Niemcy podpisały w środę umowę z USA na zakup kilkudziesięciu wyprodukowanych przez Lockheed Martin myśliwców F-35, które są zdolne do przenoszenia głowic nuklearnych, które Stany Zjednoczone trzymają w Niemczech.
W Niemczech jest przechowywanych około 20 amerykańskich bomb jądrowych B-61 w ramach programu współdzielenia broni jądrowej NATO. Chociaż Niemcy nie mają własnej broni jądrowej, utrzymują flotę starzejących się bombowców Tornado zdolnych do ich zrzucenia, które zastąpią F-35.
„Niemiecki program F-35 zapewni kontynuację niemieckich zobowiązań sojuszniczych i zagwarantuje wiarygodne odstraszanie NATO w przyszłości ” – czytamy w oświadczeniu ambasady USA w Berlinie.
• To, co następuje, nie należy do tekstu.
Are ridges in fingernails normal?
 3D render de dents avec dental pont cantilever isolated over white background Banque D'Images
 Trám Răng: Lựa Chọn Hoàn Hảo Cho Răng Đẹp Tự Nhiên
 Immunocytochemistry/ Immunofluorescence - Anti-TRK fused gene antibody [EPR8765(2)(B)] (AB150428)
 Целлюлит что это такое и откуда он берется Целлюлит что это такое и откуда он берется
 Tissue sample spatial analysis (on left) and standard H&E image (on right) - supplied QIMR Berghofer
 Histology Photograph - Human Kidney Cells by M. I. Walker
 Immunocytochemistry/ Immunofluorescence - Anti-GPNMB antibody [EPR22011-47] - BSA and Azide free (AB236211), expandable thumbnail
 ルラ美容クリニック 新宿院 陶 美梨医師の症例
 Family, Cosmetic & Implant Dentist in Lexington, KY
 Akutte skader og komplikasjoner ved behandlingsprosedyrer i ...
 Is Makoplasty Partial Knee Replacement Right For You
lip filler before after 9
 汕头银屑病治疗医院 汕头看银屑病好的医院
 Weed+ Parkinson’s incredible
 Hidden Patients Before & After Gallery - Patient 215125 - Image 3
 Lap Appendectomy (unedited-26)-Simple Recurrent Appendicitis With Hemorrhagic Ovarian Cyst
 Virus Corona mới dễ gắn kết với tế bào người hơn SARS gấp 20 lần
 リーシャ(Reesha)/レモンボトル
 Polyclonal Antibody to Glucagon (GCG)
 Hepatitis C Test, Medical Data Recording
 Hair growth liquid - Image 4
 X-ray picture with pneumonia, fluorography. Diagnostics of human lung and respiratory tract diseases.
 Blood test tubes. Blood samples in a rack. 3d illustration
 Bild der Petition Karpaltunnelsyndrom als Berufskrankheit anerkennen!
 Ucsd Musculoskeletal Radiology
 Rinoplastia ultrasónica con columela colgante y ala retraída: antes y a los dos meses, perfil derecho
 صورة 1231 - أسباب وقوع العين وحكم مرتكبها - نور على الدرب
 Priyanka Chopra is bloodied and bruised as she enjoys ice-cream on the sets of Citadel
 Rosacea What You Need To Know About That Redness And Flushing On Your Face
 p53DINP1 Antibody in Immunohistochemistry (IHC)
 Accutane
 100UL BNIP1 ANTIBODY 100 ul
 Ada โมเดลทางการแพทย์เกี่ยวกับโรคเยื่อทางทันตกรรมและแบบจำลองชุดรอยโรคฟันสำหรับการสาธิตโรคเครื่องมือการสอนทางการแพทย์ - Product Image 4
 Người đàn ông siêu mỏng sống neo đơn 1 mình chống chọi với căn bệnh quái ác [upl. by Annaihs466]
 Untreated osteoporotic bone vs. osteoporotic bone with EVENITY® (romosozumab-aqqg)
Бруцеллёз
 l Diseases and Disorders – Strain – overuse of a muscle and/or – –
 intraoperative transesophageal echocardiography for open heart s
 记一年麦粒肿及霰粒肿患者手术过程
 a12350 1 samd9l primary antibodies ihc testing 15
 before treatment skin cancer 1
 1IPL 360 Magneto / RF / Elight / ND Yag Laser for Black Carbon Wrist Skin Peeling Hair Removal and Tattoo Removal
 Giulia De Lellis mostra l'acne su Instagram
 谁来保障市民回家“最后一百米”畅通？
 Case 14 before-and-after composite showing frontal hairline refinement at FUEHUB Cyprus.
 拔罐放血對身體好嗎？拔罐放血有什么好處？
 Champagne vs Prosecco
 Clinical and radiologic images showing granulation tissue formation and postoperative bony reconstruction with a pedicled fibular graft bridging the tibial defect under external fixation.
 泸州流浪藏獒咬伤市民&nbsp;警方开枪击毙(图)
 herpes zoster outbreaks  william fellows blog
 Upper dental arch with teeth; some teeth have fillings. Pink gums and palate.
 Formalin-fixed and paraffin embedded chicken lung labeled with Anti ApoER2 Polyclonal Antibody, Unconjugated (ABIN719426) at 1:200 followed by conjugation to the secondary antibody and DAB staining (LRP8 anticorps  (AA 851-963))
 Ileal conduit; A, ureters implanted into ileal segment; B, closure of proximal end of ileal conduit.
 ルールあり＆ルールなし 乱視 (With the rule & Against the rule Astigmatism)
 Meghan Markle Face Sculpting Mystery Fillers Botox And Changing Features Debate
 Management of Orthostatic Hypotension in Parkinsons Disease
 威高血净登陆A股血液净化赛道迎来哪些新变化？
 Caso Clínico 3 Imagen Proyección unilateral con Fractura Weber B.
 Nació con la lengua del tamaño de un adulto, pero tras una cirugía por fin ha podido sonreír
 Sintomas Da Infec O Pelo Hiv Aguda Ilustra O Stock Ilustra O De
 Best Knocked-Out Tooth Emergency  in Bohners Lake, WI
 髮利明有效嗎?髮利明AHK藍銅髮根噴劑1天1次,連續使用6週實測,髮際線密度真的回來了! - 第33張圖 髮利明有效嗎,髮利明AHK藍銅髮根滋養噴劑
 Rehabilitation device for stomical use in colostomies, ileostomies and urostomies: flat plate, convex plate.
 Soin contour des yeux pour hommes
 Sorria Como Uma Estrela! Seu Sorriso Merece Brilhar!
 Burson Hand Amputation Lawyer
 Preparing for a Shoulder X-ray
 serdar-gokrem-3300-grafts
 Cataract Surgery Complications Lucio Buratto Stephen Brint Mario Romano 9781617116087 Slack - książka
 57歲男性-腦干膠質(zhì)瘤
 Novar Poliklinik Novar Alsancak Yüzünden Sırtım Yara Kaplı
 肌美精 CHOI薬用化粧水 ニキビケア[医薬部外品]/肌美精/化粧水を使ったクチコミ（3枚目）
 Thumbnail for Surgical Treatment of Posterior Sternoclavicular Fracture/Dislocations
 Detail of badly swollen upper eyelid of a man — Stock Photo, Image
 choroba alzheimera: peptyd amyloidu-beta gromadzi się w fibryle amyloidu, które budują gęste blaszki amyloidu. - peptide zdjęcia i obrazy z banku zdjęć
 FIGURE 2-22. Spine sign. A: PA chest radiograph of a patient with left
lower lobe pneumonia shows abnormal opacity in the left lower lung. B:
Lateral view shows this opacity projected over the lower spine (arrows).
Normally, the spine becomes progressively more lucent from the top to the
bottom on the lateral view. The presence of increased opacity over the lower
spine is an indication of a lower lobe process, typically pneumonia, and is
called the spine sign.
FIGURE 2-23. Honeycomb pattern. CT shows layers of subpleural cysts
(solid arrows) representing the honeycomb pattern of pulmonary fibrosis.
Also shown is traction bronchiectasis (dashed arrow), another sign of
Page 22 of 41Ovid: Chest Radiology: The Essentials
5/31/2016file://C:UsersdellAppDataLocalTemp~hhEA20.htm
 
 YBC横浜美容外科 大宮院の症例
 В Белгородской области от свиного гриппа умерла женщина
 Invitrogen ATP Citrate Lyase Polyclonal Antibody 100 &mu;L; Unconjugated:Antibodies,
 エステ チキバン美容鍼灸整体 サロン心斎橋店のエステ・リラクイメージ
Niemcy ogłosiły zamiar zakupu F-35 w marcu w ramach planu zwiększenia wydatków wojskowych. Niemcy kupią 35 myśliwców w ramach umowy o wartości około 10,5 miliarda dolarów, a dostawy mają nastąpić między 2026 a 2029 rokiem. F-35 mają zastąpić Tornado w misji współdzielenia broni jądrowej w 2030 roku.
W ramach programu współdzielenia broni jądrowej NATO Stany Zjednoczone utrzymują głowice jądrowe w Niemczech, Belgii, Włoszech, Holandii i Turcji.
Obecnie nie ma znanej broni jądrowej w krajach, które przystąpiły do NATO po rozpadzie Związku Radzieckiego, ale Polska jest otwarta na ich przyjęci i prowadziła rozmowy z USA w tej sprawie.
„Zawsze istnieje potencjalna możliwość udziału w programie udostępniania broni jądrowej” – powiedział Gazecie Polskiej prezydent Andrzej Duda . „Rozmawialiśmy z amerykańskimi przywódcami o tym, czy Stany Zjednoczone rozważają taką możliwość. Kwestia jest otwarta ”.
Fińscy przywódcy powiedzieli, że nie wykluczą przyjęcia broni jądrowej NATO, jeśli dołączą do sojuszu, co byłoby poważną prowokacją, ponieważ Finlandia ma ponad 800-milową granicę z Rosją.
Ale od tamtej pory prezydent Finlandii zapewnił, że kraj ten nie planuje gościć broni nuklearnej i że „nie ma żadnych oznak”, że NATO będzie chciało je tam rozmieścić.